- _What to do_:
Retype word for word the stretch of entries below from the line that has "LISA YANG GREY" through the line that has "round blue terracotta", and omit the pictures.

- _Dataset records_:
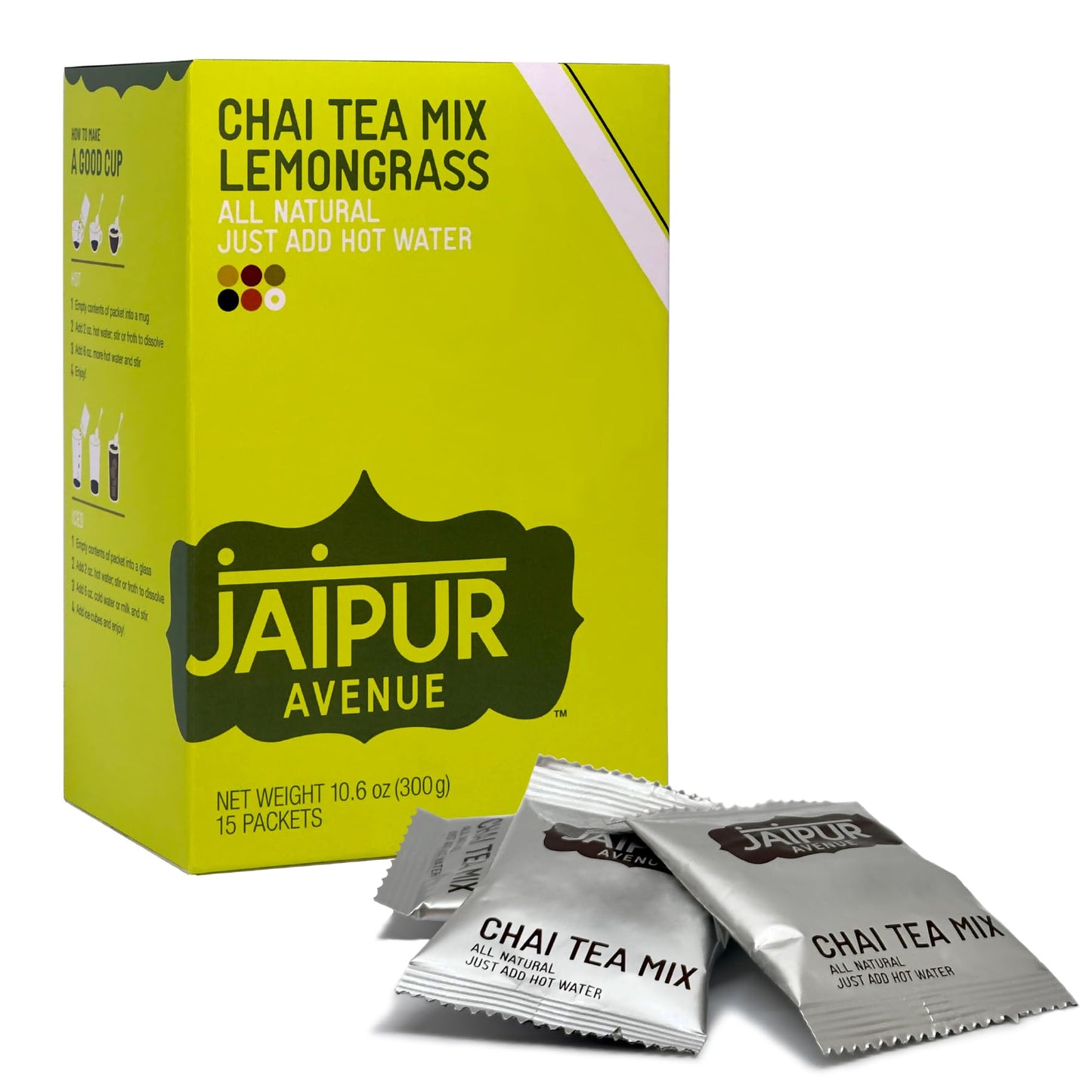 Jaipur Avenue Lemongrass Chai Tea Mix Crafted with All-Natural Assam Black Tea, Lemongrass, Cane Sugar, Premium Dry Milk - Prese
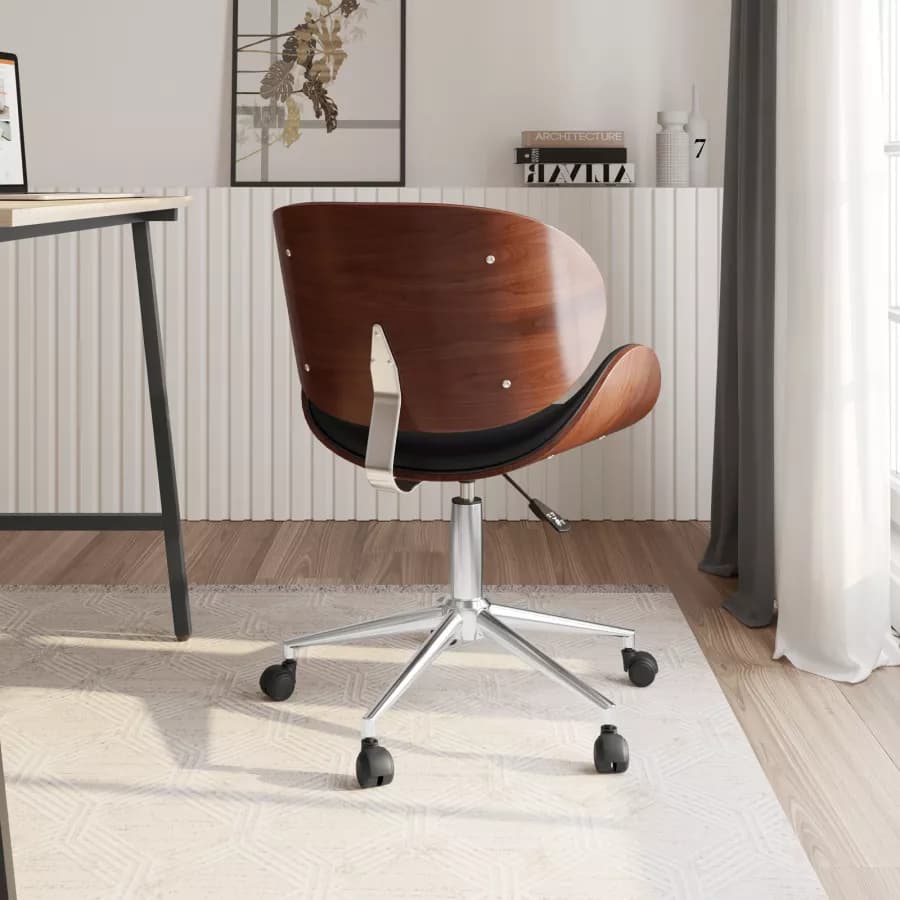 Sedia da ufficio in similpelle nera con rivestimento in legno e base cromata - Dabu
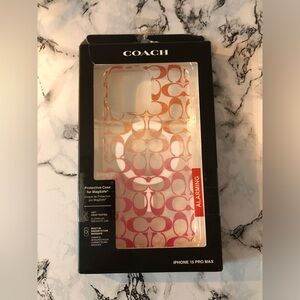 Coach Pink Ombré protective‎ MagSafe iPhone 15 pro max Case for Cell Phones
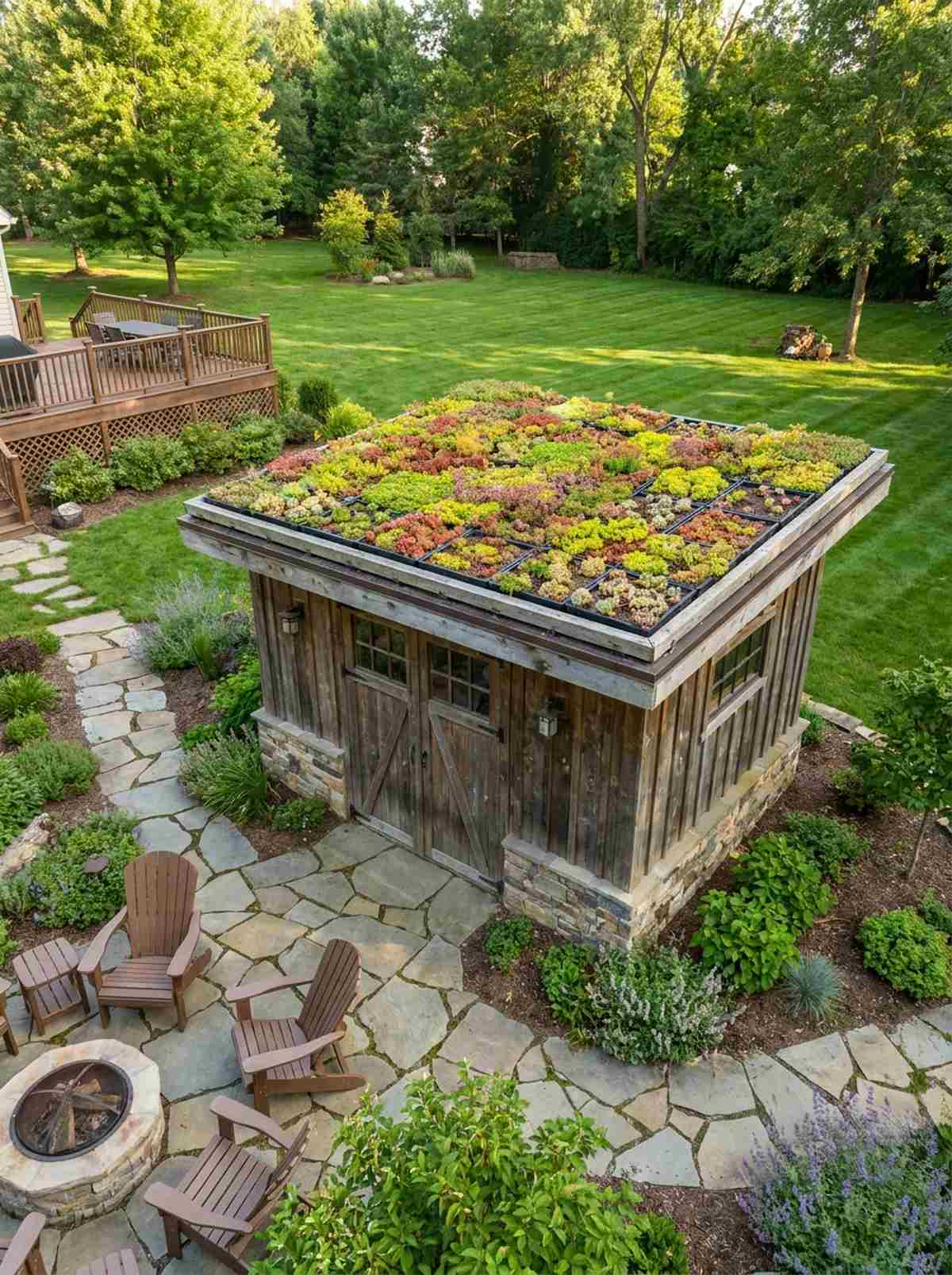 green roof on pergola or shed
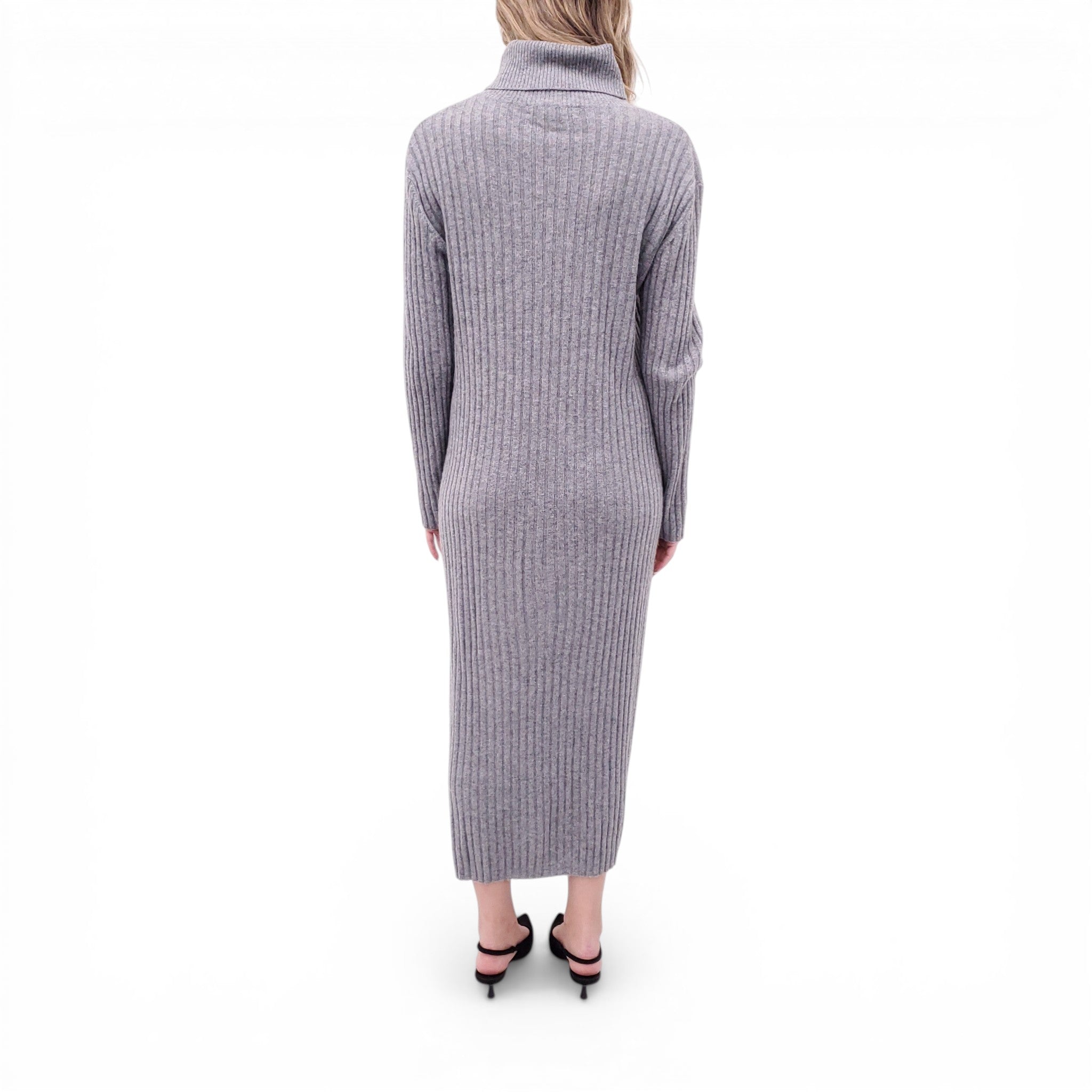 LISA YANG GREY RIBBED CASHMERE TURTLENECK DRESS - SIZE 2/M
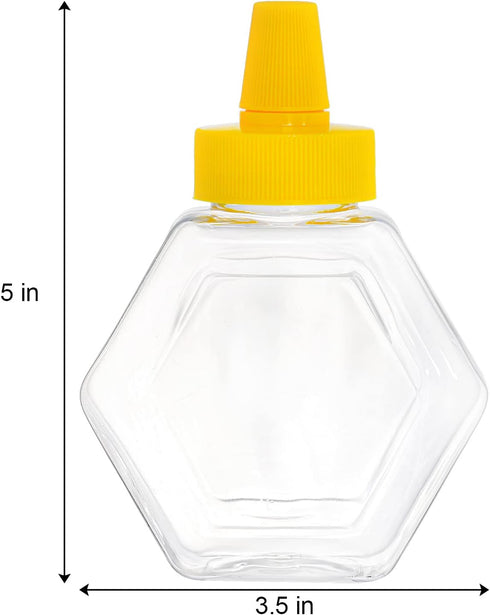 16 Pack 7 Oz Elsjoy Plastic Honey Bottle Jars, Squeeze Bottles Empty Jars with Spout, Refillable Condiment Bottles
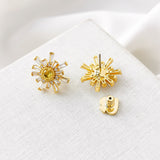 Sunny Clear Gold Clear Stud Earrings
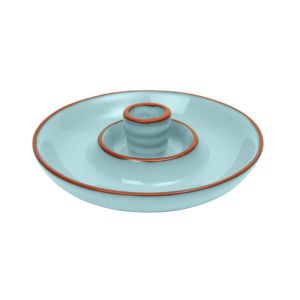 round blue terracotta dish for serving olives and tapas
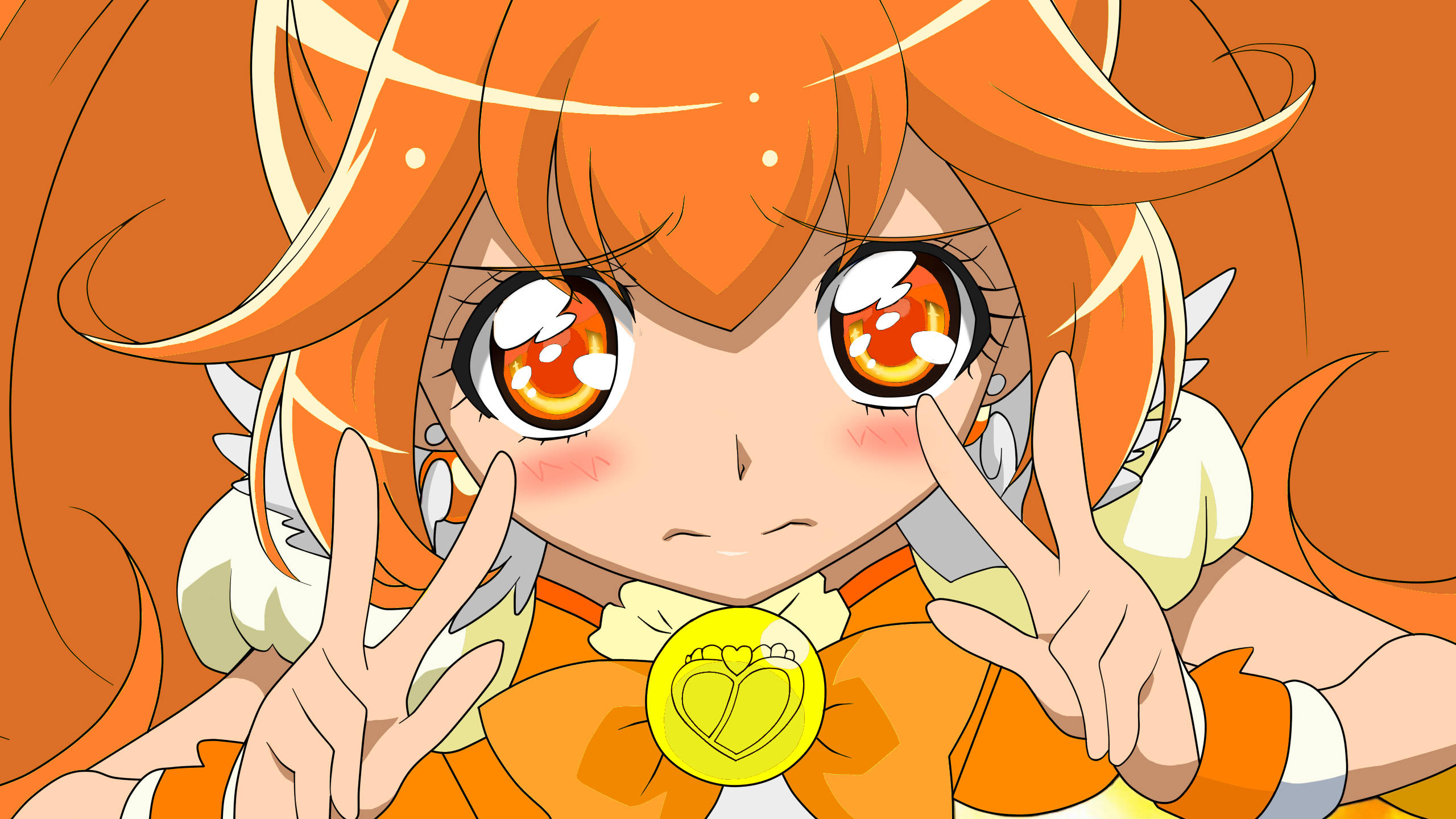 橘髮 Cure Peace 假笑 壁紙 — 一個開朗的動漫女孩，擁有火紅橙色頭髮和眼睛，比出和平手勢，戴著金色心形吊墜。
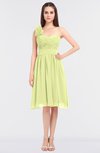 ColsBM Mina Lime Green Romantic A-line Asymmetric Neckline Sleeveless Knee Length Bridesmaid Dresses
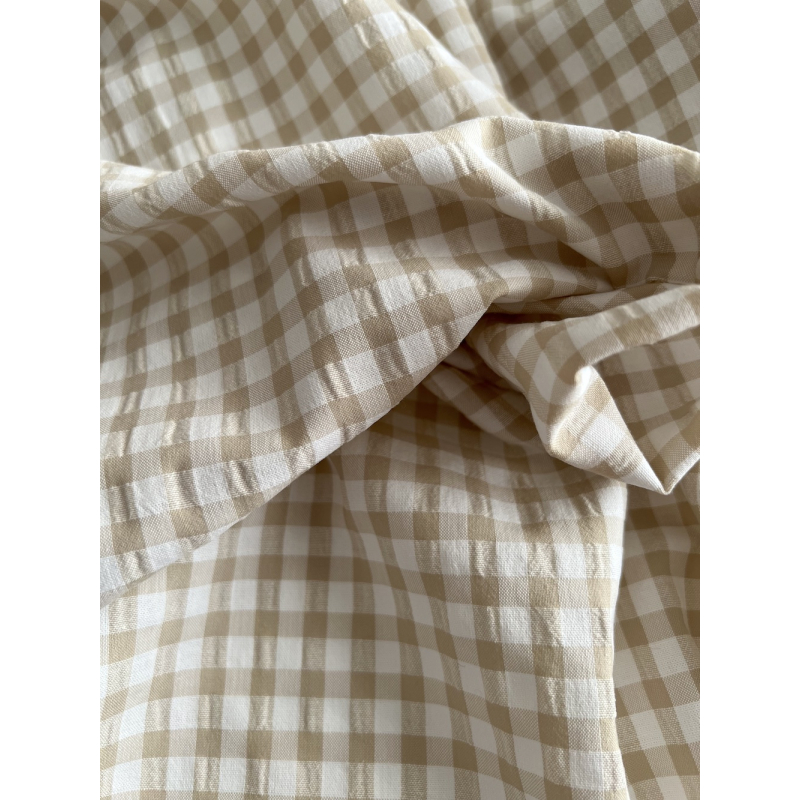 Seersucker / Coton gaufré vichy 6mm biscuit/ blanc Batikou - 2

- _Answer to the exercise_:
 LISA YANG GREY RIBBED CASHMERE TURTLENECK DRESS - SIZE 2/M
 16 Pack 7 Oz Elsjoy Plastic Honey Bottle Jars, Squeeze Bottles Empty Jars with Spout, Refillable Condiment Bottles
 Sunny Clear Gold Clear Stud Earrings
 round blue terracotta dish for serving olives and tapas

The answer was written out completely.